-- SUPPLIED MATERIAL follows --

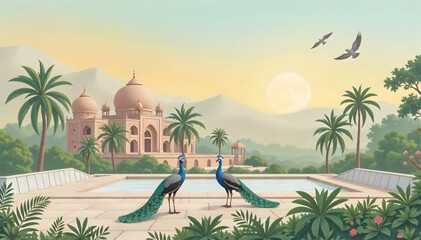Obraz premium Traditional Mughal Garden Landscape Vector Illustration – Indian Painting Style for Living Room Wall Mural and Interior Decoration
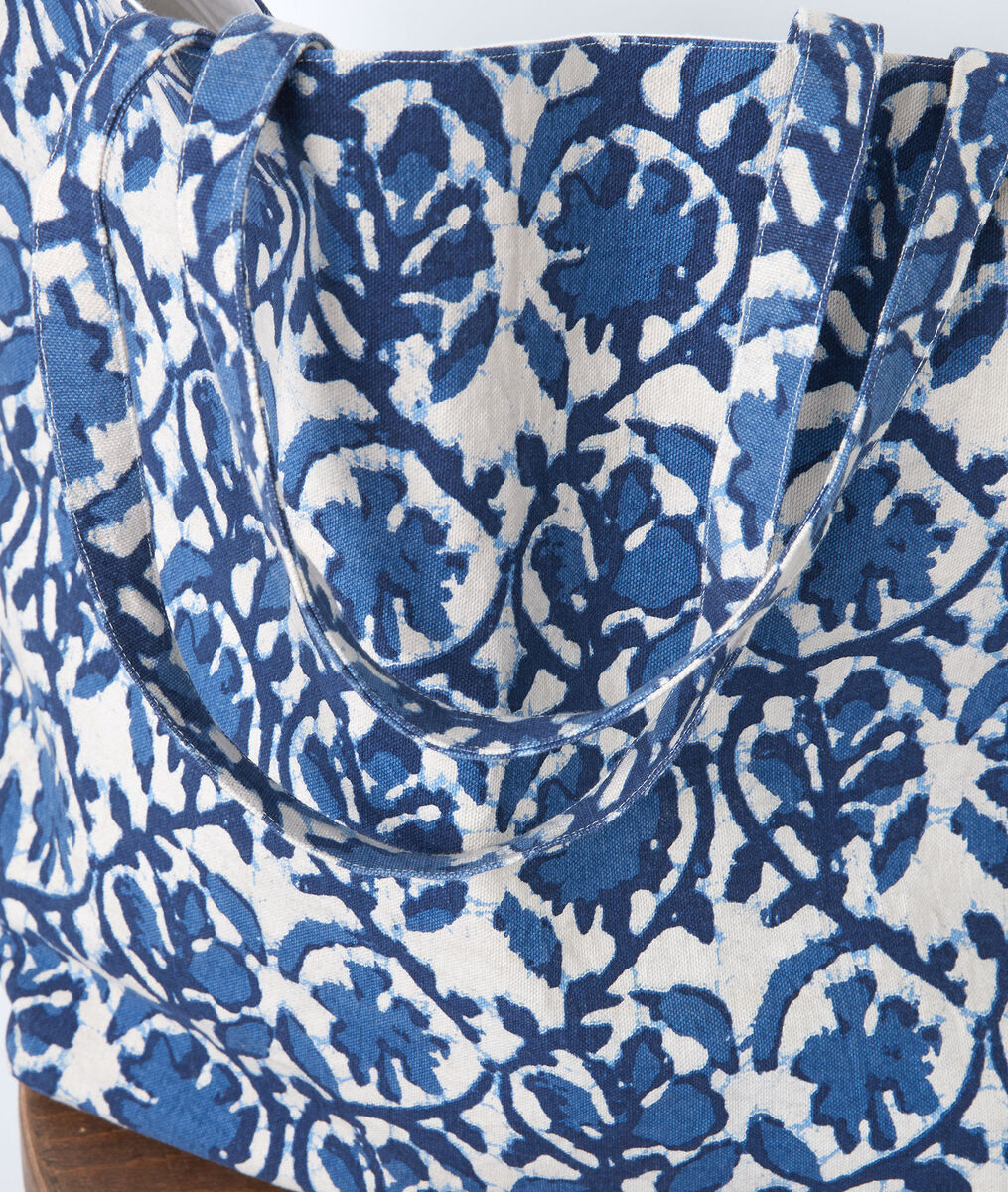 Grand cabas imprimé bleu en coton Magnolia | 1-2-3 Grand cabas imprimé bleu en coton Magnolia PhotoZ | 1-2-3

-- SUPPLIED MATERIAL concluded --
-- SUPPLIED MATERIAL follows --

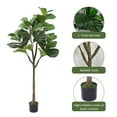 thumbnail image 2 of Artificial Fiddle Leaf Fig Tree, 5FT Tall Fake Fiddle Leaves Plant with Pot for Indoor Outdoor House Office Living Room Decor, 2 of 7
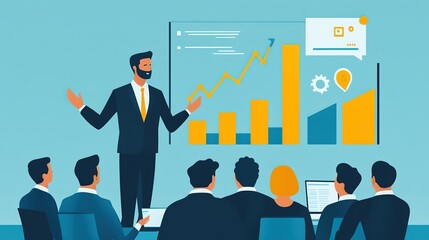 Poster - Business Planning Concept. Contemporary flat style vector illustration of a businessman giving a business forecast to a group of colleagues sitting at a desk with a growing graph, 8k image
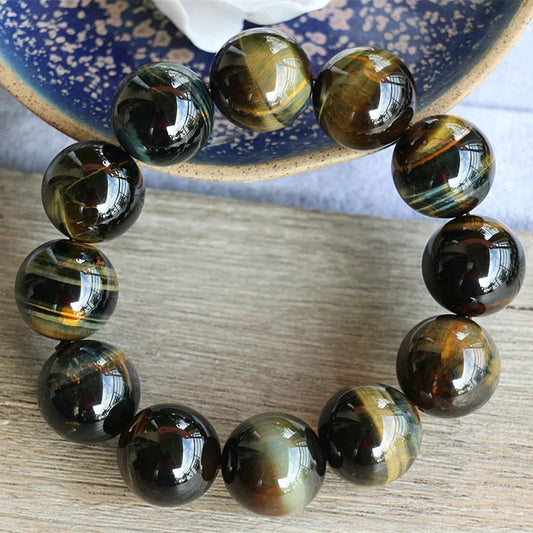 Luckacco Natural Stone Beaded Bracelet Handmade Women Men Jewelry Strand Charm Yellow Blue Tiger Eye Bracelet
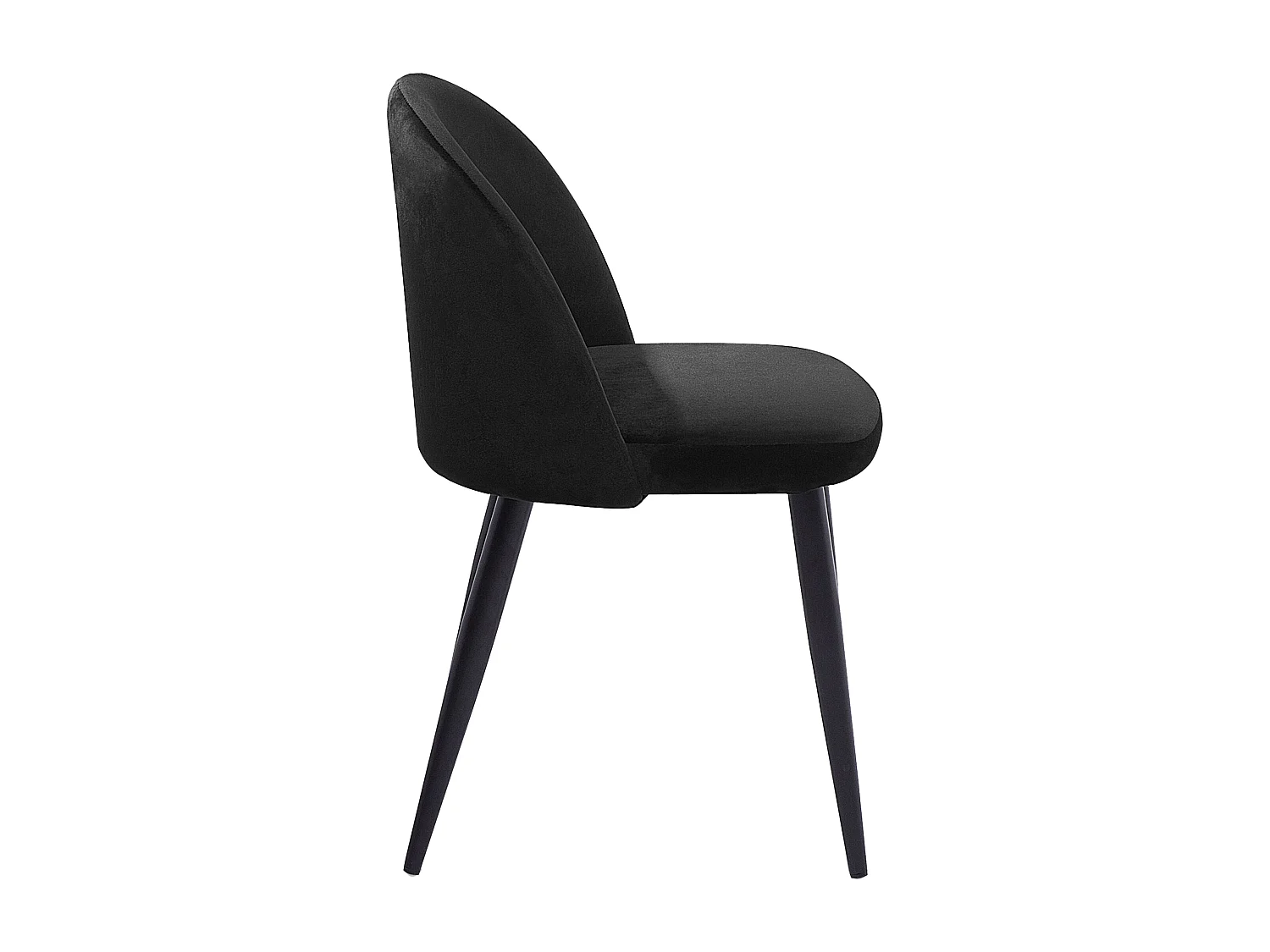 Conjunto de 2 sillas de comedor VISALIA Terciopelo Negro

-- SUPPLIED MATERIAL concluded --
-- SUPPLIED MATERIAL follows --

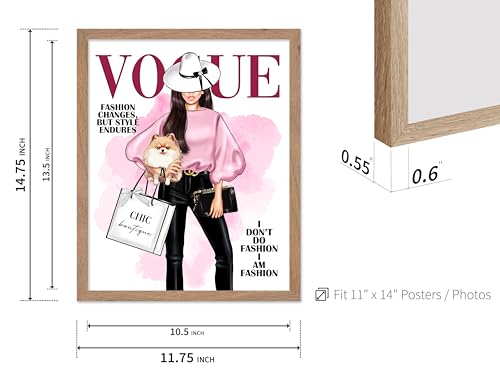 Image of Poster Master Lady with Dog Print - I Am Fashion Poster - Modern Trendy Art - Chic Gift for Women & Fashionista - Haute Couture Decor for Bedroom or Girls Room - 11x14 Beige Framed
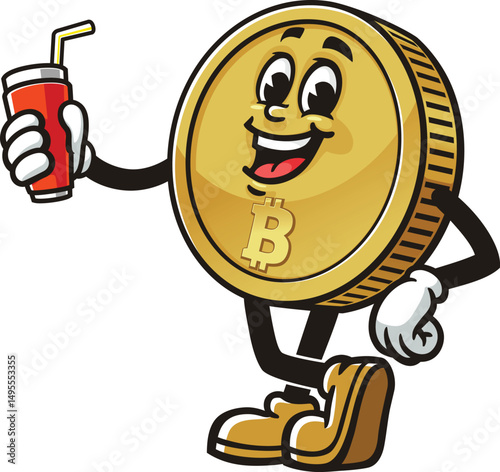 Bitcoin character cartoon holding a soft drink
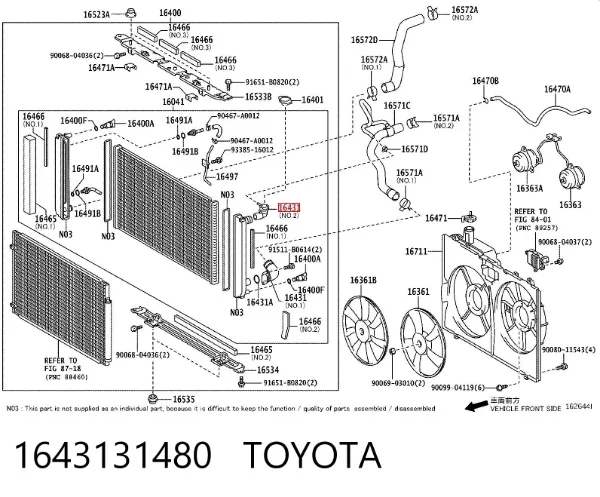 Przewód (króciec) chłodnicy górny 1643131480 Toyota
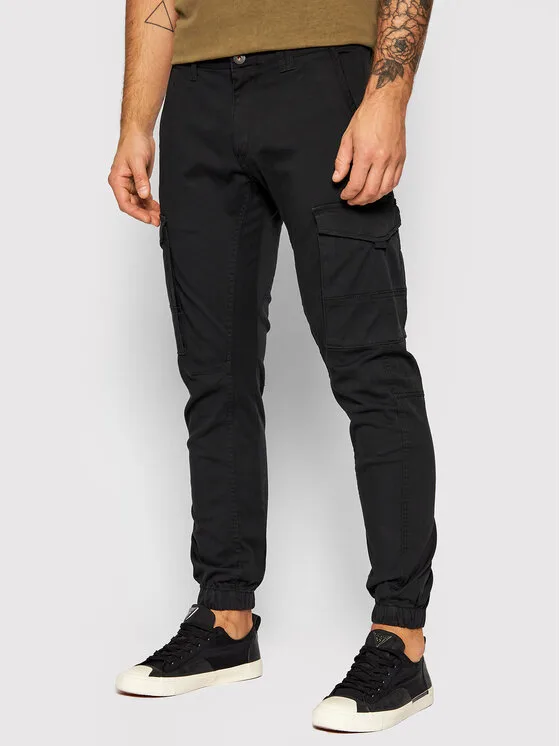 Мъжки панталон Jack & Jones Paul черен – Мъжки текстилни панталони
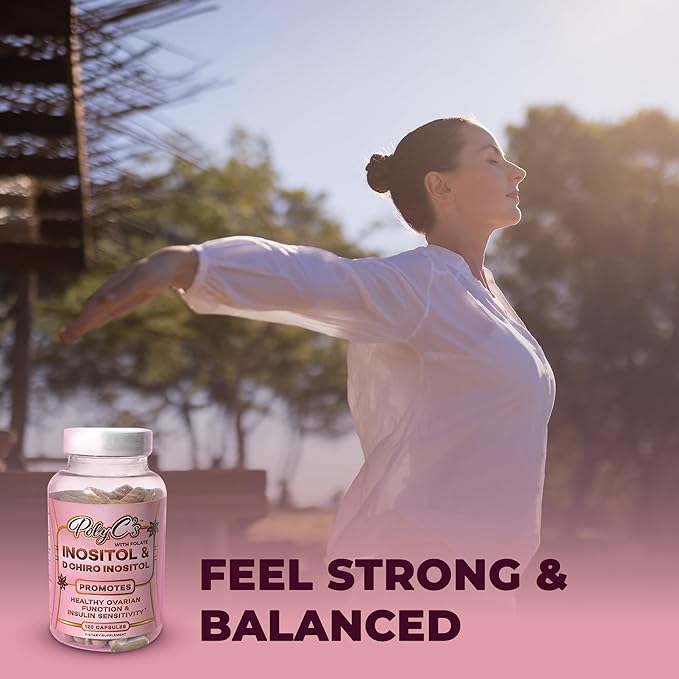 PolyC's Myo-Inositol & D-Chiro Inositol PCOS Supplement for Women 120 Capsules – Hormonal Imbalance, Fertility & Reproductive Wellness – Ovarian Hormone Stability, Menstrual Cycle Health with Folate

-- SUPPLIED MATERIAL concluded --

• _DIRECTIONS_
For the data above, set down exactly the lines from the line with "Obraz premium Traditional" to the line with "Grand cabas imprimé bleu en coton Magnolia |", both included, leaving pictures out.

• _ANSWER BOX_
Obraz premium Traditional Mughal Garden Landscape Vector Illustration – Indian Painting Style for Living Room Wall Mural and Interior Decoration
 Grand cabas imprimé bleu en coton Magnolia | 1-2-3 Grand cabas imprimé bleu en coton Magnolia PhotoZ | 1-2-3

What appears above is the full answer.